Unlike earlier incarnations of public assistance in which the federal government devised a uniform scheme of income support, Temporary Assistance for Needy Families (TANF) provides funding to the states to design and administer their own programs, leading to considerable variation in coverage from one region to the next. The consequences of this geographical lottery are well illustrated by TANF's Family Violence Option (FVO), which allows states to exempt victims of domestic violence from employment and child support requirements that undermine their safety or penalize them for their status.
When properly implemented, the Option permits recipients to schedule court dates, undergo counseling, and attend to other needs arising from their circumstances without being sanctioned for noncompliance with work requirements. In addition, it also relieves DV survivors of the obligation to solicit child support payments from their abusers, who too often respond to such requests with renewed violence. At a moment when the stresses of the economy have yielded a significant increase in family violence around the country, its provisions are more necessary than ever.
In spite of this urgency, however, the vast majority of eligible victims do not benefit from its protections, placing them at risk of being unfairly sanctioned for noncompliance and deprived of a vital source of income.
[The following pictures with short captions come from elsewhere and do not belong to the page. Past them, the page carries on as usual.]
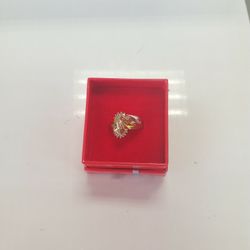 Womens Cluster Ring 10K 3.1G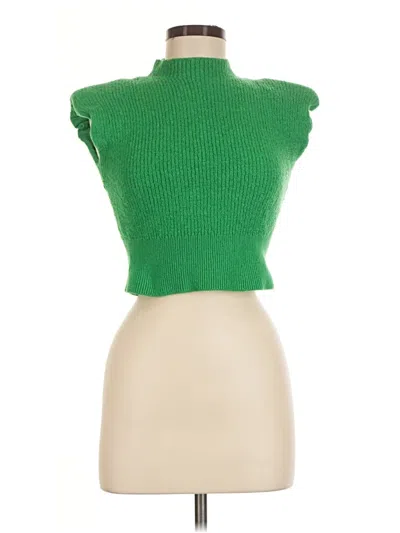 Pre-owned Babaton Wool Pullover Sweater In Green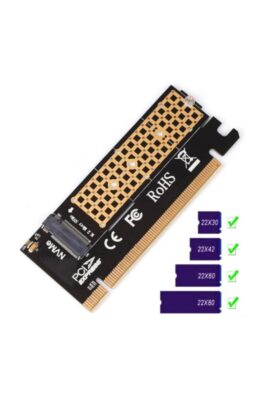 M.2 NVMe SSD NGFF To PCI-E 3.0 X16 Adaptör M Key Kart Çevir  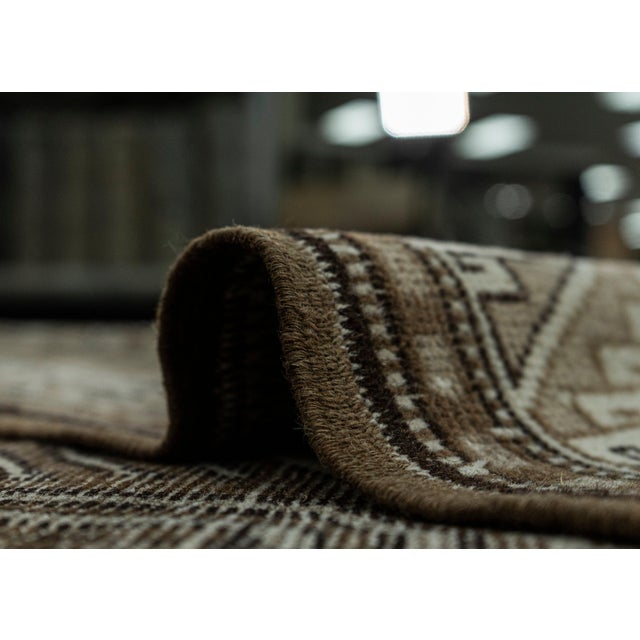 Textile Turkish Vintage Rug 6'3" x 9'11" #20781 For Sale - Image 7 of 8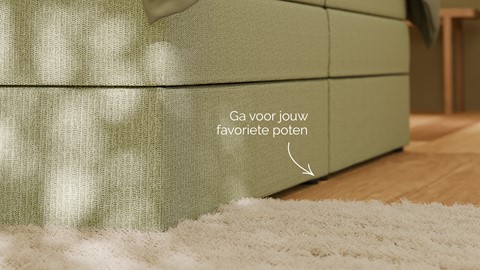 Opbergboxspring Jade - Bold touch, green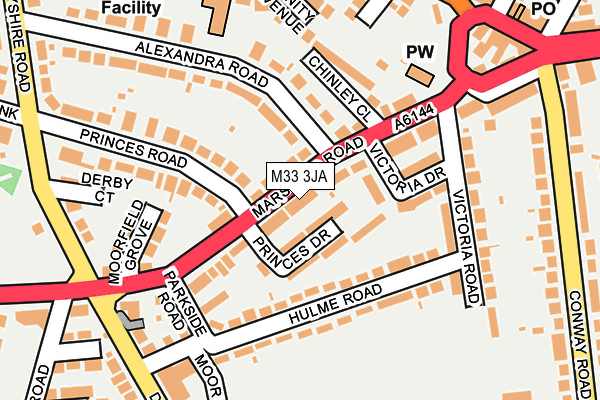 M33 3JA map - OS OpenMap – Local (Ordnance Survey)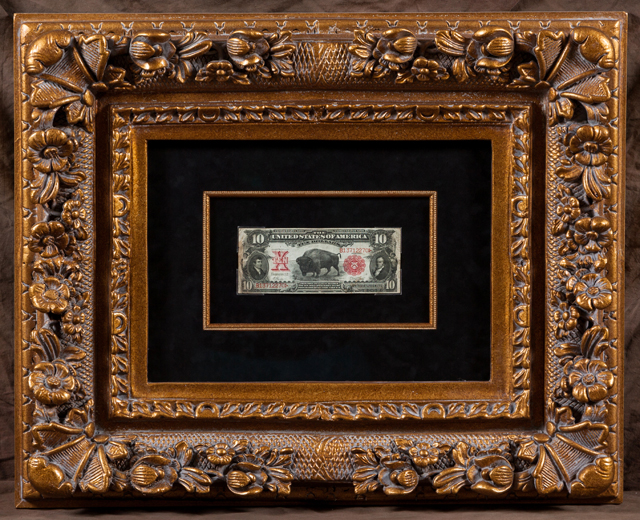 1901 $10 Red Seal Bison Note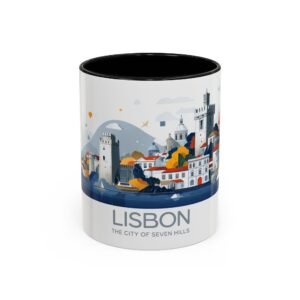 Lisbon, The City of Seven Hills Mug, Gift for Traveler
In its new report Shortchanging Survivors: The Family Violence Option for TANF Benefits, the National Law Center on Homelessness & Poverty reveals the degree to which the absence of federal regulation of state welfare programs presents a range of obstacles for DV survivors in need of income to avoid homelessness and rebuild their lives.
Not only can states decide to forego the Family Violence Option altogether, they can also limit the circumstances in which they implement it; while parents in San Francisco, for example, are eligible for waivers to address the consequences of past abuse, their counterparts in New York City may only receive exemptions in cases of ongoing violence. Even in states with generous family violence policies, only a tiny fraction of TANF recipients wind up accessing waivers.
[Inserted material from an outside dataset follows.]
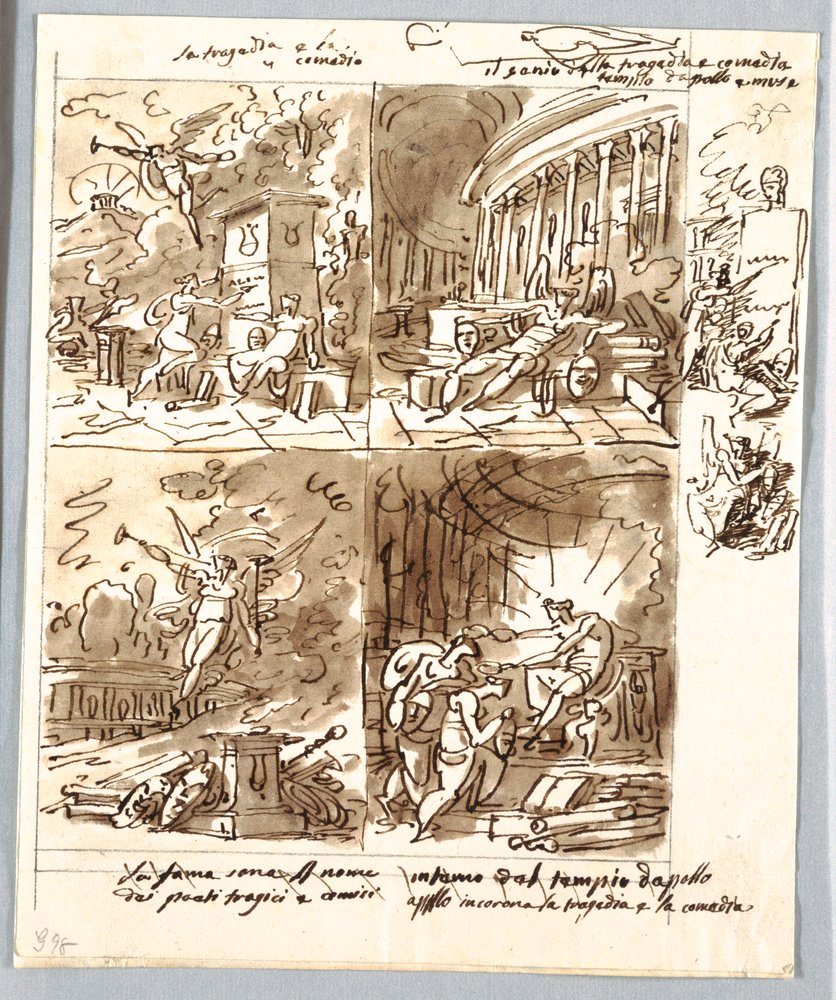 Four Allegories of Comedy and Tragedy by Unbekannt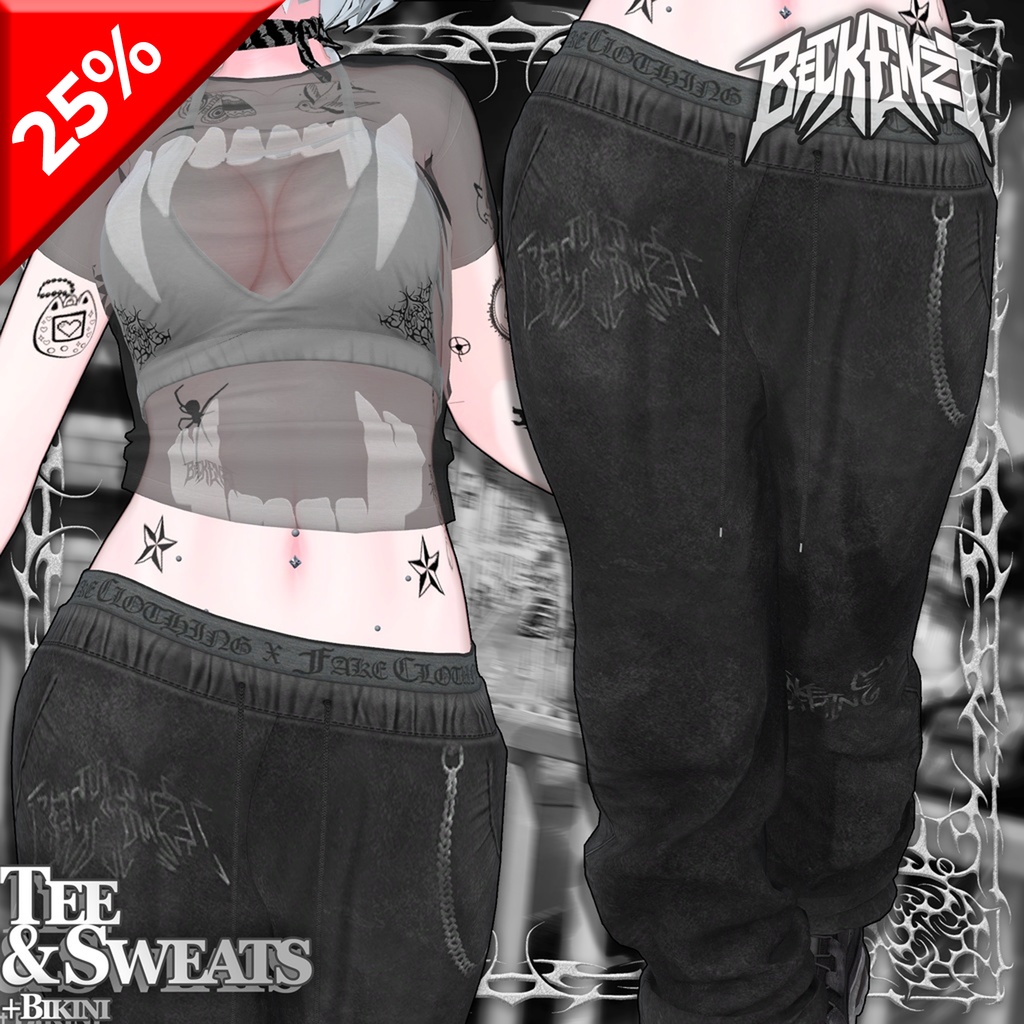 [25%OFF] BECKENZI スウェットパンツとTシャツ/ Sweatpants and T-Shirt [14+アバタ/Avatars]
At first glance, these discrepancies stem largely from a lack of uniformity in how TANF caseworkers around the country screen their applicants for domestic violence. On a deeper level, though, welfare offices are saddled with an inherently contradictory mission: supporting women in their efforts to escape abuse while simultaneously attempting to decrease caseloads. After all, even the best intentioned caseworkers are unlikely to possess the time and initiative to build the rapport necessary to elicit frank disclosure of abuse, much less convince wary applicants of the benefits of such disclosure.
Fortunately, some TANF offices have developed models that draw on the resources of a variety of service providers in order to ensure that applicants not only learn of the FVO but are actively encouraged to avail themselves of it. In San Francisco, for example, survivors who apply for benefits may choose either to engage in a DV service plan in place of employment or to participate in a work plan that includes domestic violence services as one of its activities. Local TANF offices also partner with seasoned DV advocates who conduct screenings, provide on-site safety planning and counseling services, and train caseworkers.
Instead of proceeding as a model for other cities, however, San Francisco TANF offices are now struggling merely to hold their ground as California embarks on a course of massive budget cuts, a stern reminder of the drawbacks of turning public assistance into a hodgepodge of state efforts.
Perhaps the pre-recession economy could withstand the limitations of this patchwork approach. At a moment of record budget shortfalls, however, the federal government can no longer rely on the states to salvage their respective welfare programs with the aid of a darning needle and some scraps. Without the uniformity of coverage that enhanced federal support and guidance can provide, more and more families will be left out in the cold.